The FFIR programme consists of three components. It first considers the meteorological (Forecasting Rainfall exploiting new data Assimilation and Novel observations of Convection: FRANC) and hydrological aspects (Susceptibility of catchments to INTense RAinfall and flooding: SINATRA) separately before combining the results (Towards END-to End flood forecasting and a tool for ReaL-time catchment susceptibilitY: TENDERLY) and considering how the improvements in FRANC and SINATRA feed into the end-to-end forecasting chain. In this manuscript we make recommendations for improving the integration of an end-to-end flood forecasting system based on the work completed during the FFIR programme. The works that are direct outputs from the FFIR programme are marked with an asterisk (*) to distinguish them from other referenced work. We begin by defining flooding from intense rainfall (Section 2). We then discuss the UK operational end-to-end flood forecasting system prior to FFIR, which is more focused on large-scale and coastal flooding (Section 3.1). The system proposed for flooding from intense rainfall is broadly discussed in Section 3.2. We then consider if it is possible to have any large-scale indications of when the full high resolution (i.e., including hydraulic components) end-to-end forecasting system should be used several days in advance in Section 4. The improvements from the FFIR programme are considered in the following two sections with improvements from radar observations, and data assimilation through to the weather forecasts being considered in Section 5 and downstream applications such as catchment susceptibility, hydraulic modelling, model connectivity (to allow for improved integration), and public engagement in Section 6. The key recommendations from the FFIR programme are discussed in Section 7 before a summary is made in Section 8.

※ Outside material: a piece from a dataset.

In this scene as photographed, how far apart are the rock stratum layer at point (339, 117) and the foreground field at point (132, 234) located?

2. Definition and Examples of Flooding From Intense Rainfall

We define flooding from intense rainfall as flooding caused by a short-duration extreme rainfall event. The intense rain is produced from convective storms (e.g., thunderstorms), and often lasts a few hours at most. Therefore the criterion required for a flood to be classed as a flooding from intense rainfall event is that it is produced by convective rainfall. This definition is intentionally broad. We do not specify a duration or intensity to distinguish convective rainfall from other types of rainfall as the specification of such thresholds is largely arbitrary and can vary between case studies depending on the models used. Flooding from intense rainfall typically describes two key types of flooding: surface-water flooding and rapid-rate-of-rise river flooding. The amount of rainfall required to produce a flood will depend on the catchment area, soil or drainage permeability and the antecedent conditions. Table 1 provides examples of flooding from intense rainfall events in the UK, illustrating the variety of durations and rainfall totals that fall within the typical range for these type of events.

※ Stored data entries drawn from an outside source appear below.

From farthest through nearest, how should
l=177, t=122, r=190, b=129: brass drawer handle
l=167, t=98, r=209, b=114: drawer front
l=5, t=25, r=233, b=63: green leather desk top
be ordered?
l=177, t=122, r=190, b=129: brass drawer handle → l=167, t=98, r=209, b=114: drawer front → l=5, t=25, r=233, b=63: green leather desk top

Flooding from intense rainfall events tend to happen more frequently in the summer (June, July and August; e.g., [14]) but can occur at any time of the year (e.g., [15])*. For more classifications and a historic record of flooding from intense rainfall events refer to [16]*. Due to the nature of flooding from intense rainfall events (being caused by convective storms which are short-lived and localised events) these floods are hard to predict from all aspects of the forecast (e.g., [17]). Therefore, an end-to-end forecasting system that takes into account the uncertainty would be a useful (and necessary) tool for end users of flood forecasts (see Section 7).

3. End-to-End Flood Forecasting in Practice and FFIR Programme End-to-End Flood Forecasting System

To be able to see improvements and how the recommendations produced by the FFIR programme fit into practice, we describe the UK operational system prior to the commencement of the FFIR programme (Section 3.1; Figure 1a) before discussing the FFIR end-to-end forecast (Section 3.2; Figure 1b). The UK operational system has been chosen due to the close ties of this work with the Met Office and the EA. However, the recommendations and implications of the work presented in this manuscript are widely applicable, and the UK system is broadly similar to other existing systems (e.g., the Swedish, French and Australian systems; [5,18,19], respectively).

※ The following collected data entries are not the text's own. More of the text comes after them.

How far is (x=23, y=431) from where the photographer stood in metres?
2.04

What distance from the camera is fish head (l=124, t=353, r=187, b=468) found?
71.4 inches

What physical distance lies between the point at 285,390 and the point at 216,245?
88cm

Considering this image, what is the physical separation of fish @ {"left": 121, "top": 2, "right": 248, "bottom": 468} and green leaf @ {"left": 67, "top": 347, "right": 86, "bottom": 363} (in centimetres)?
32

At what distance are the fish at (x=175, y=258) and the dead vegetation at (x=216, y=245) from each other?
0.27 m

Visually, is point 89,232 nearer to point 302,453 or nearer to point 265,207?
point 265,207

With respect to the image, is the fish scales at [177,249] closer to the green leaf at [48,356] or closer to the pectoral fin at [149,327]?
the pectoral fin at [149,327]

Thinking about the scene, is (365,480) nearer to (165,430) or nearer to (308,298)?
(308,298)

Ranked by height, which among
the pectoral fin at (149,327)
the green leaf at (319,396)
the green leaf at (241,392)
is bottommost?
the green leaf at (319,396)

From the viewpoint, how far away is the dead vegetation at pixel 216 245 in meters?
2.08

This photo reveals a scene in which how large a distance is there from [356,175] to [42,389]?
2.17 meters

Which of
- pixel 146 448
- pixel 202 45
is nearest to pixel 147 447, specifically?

3.1. Flood Forecasting in the UK Prior to FFIR

Recommendation six of the Pitt Review was the creation of a joint Met Office and EA (plus SEPA for Scotland) centre to advance flood forecasting capabilities [2]. These joint centres became known as the FFC and SFFS; they have formed the operational flood forecasting practice in the UK since their formation in 2009. Flood forecasting in the UK is continually being developed (e.g., [20,21]), thus the focus here remains on the operational system prior to the start of the FFIR programme in 2013. The discussion of the UK flood forecasting practice prior to the start of FFIR is because many aspects of the FFIR programme have become part of the current operational system, or aspects of FFIR were designed to run alongside with the proposed developments at the time. Recent updates to the operational flood forecasting practice for the FFC and SFFS can be found in [6,8], respectively.

When the FFC and SFFS were first setup the science of integrated flash flood forecasting (i.e., beyond the weather forecast) was just beginning to gain momentum. Thus the initial structure was developed to support fluvial and coastal flood forecasting. A schematic of the 2013 operational system is presented in Figure 1a. As with all weather forecasting, and end-to-end forecasting, we begin with the observations. The operational system uses both meteorological and hydrological observations (e.g., temperature, rainfall, pressure, wind, river levels) and also includes observations that are derived from radar and satellites. The meteorological observations are then combined with the previous output from the Numerical Weather Prediction (NWP) model using sophisticated mathematical algorithms to find the best starting conditions for the next forecast, in a process known as data assimilation. A review of operational variational schemes are presented in [22]. Using the initial conditions derived from data assimilation the NWP model is then used to create a weather forecast. For the Met Office the NWP model used is the Met Office Unified Model (MetUM; [23,24,25,26]). The MetUM is used either in deterministic mode (where a single forecast is run) or in ensemble mode (where multiple forecasts, with subtle changes to them, are run for the same event, [27]). This produces the weather forecast (for which severe weather warnings for rain, wind, temperature, etc. are derived) and also the input for the hydrological model (the Grid-to-Grid model; [28,29]) where either the single deterministic forecast is used as input or all members of the ensemble are used as input. The Grid-to-Grid model simulates the surface runoff and river flow in the UK and helps to determine where there is increased flood risk. Should the Grid-to-Grid model indicate a flood risk, a catchment model is then run using data from the rainfall forecast and radar. This flood risk is then communicated through the daily Flood Guidance Statement (issued by the FFC and SFFS); National Severe Weather Warnings (issued by the Met Office in conjunction with the FFC/SFFS for heavy rainfall); flood alerts and flood warnings (issued by the EA/SEPA).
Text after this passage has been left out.